Toplumları anlamak için zamanı, kültür değerlerini ve toplumun ruhsal farklılıklarını, araştırmaları, fikirleri, düşünceleri ve yorumları birlikte değerlendirmek gerekir.

Tarih süreçte zaman ve mekân kavramları ile birlikte, toplumun yaşadığı sosyal, kültürel yapıyı bilimsel gerçekler ışığında ele almak, bizi sağlıklı kararlara ve görüşlere götürür.

Zamanın ruhunu anlayamayanlar ve kavrayamayalar toplumun kimliğini, benliğini ve kişiliğini tam olarak değerlendiremezler.

Bütün alanlarda ve özellikle toplum yönetiminde görev alanlar ve diğer sorumlular zamanın ruhunu doğru algılamak durumundadırlar.

Yüzyıllar boyunca, geçmişten geleceğe akıp giden toplumsal değerleri sağlam ve sağlıklı bir şekilde değerlendiremeyenler, zamanın ruhunu kavrayamayanlardır.

Nasrettin Hocaya sormuşlar:

"Neden her sabah gün ışımaya başlayınca dışarı çıkan insanlar sağa, solan ve dört bir yana gidiyorlar? Neden hep bir yöne gitmiyorlar?

Nasrettin Hoca şöyle cevap verir: Eğer insanların hepsi bir tarafa ve hep bir yöne giderse dünyanın dengesi bozulur..."

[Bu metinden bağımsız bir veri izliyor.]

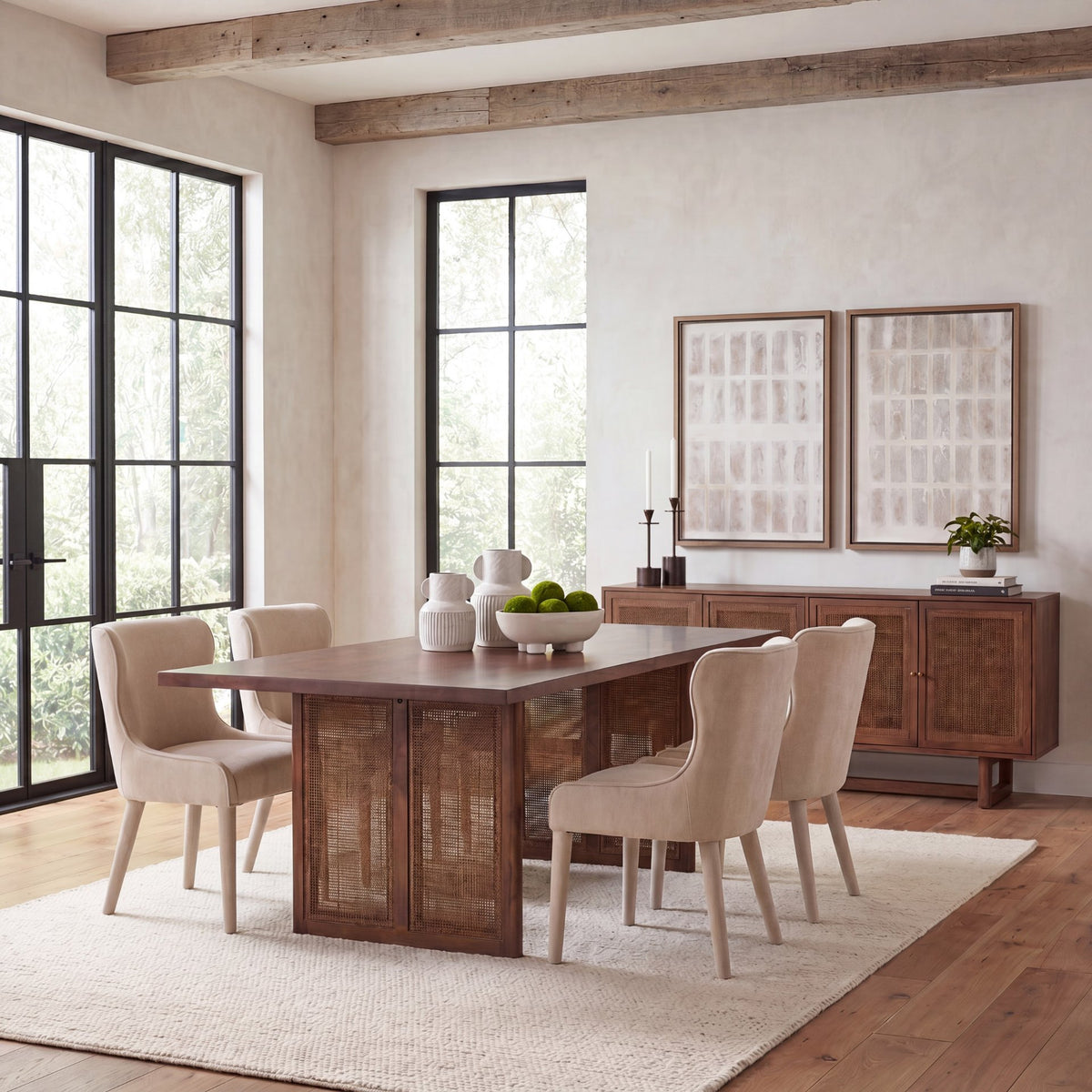 Grier Dining Table - Medium Brown Wood Cane Seats 8-Dining Tables-DECOROLALA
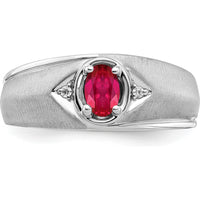 14K White Gold Oval Ruby and Diamond Men's Ring - 0.5 Carat Ruby, 0.01 Carat Total Diamond Weight by 0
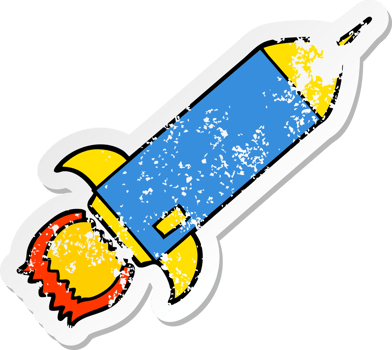 distressed sticker of a cartoon rocket png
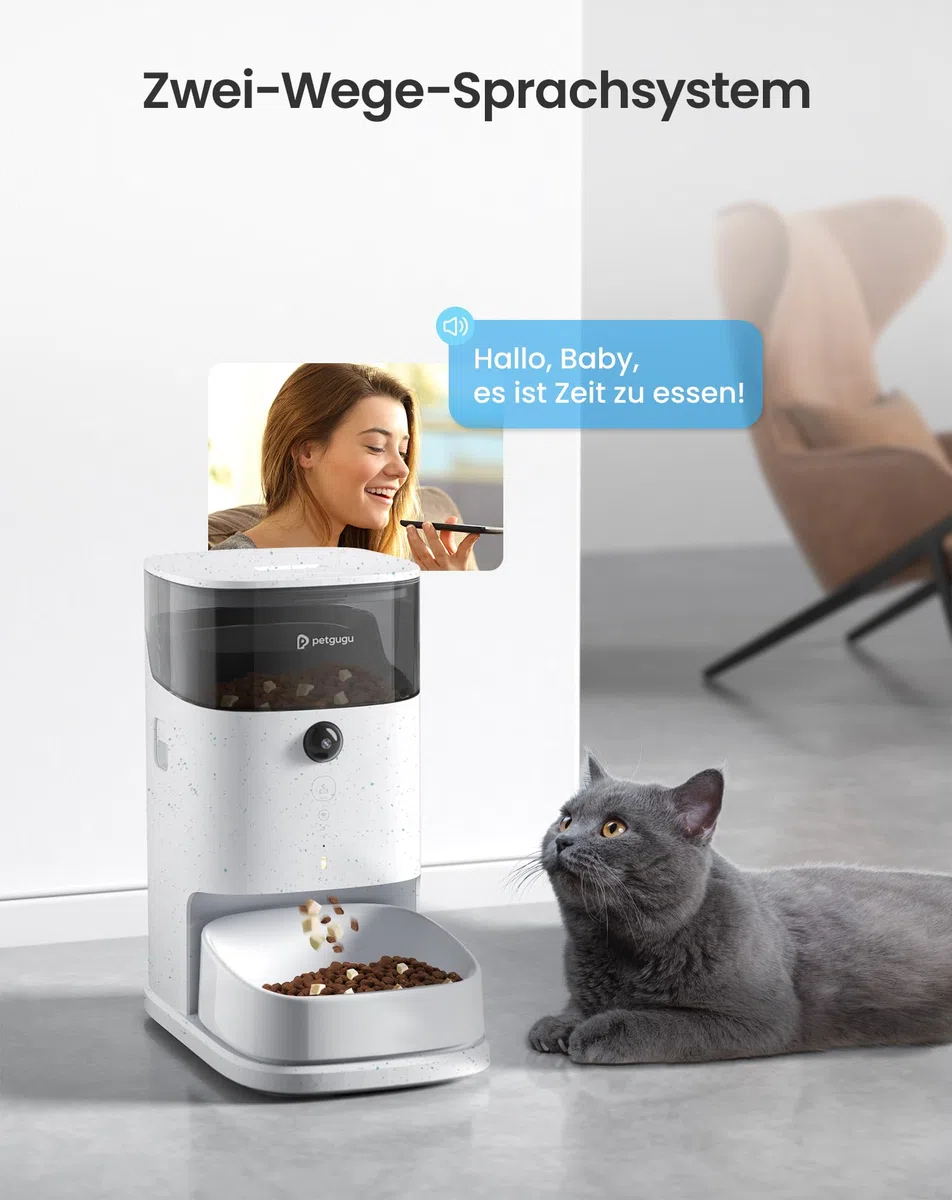 PETGUGU Automatischer Futterautomat Katze, Katzenfutter Automat mit Timer, APP-Steuerung, Abnehmbarer Keramik Katzennapf und Hundenapf, Für Katzen, Kleine Hunde und Mehrere Haustiere, PF2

İnsanın, toplumun ve dünyanın dengeye ihtiyacı var. Fiziki, felsefi, sosyal, kültürel, siyasal ve ekonomik tüm yönlerden denge unsurları birbiriyle bütünleşmeye ve uyum sağlamaya çalışır. Bunu göremeyen insanlar, toplumla, ülkeler, yöneticiler ve uluslar huzur bulamazlar. Oysa dünyada insanların ve toplumların aradığı huzurdur. Huzur mutluluğun, verimin, başarının ve sağlıklı yaşamanın temelidir.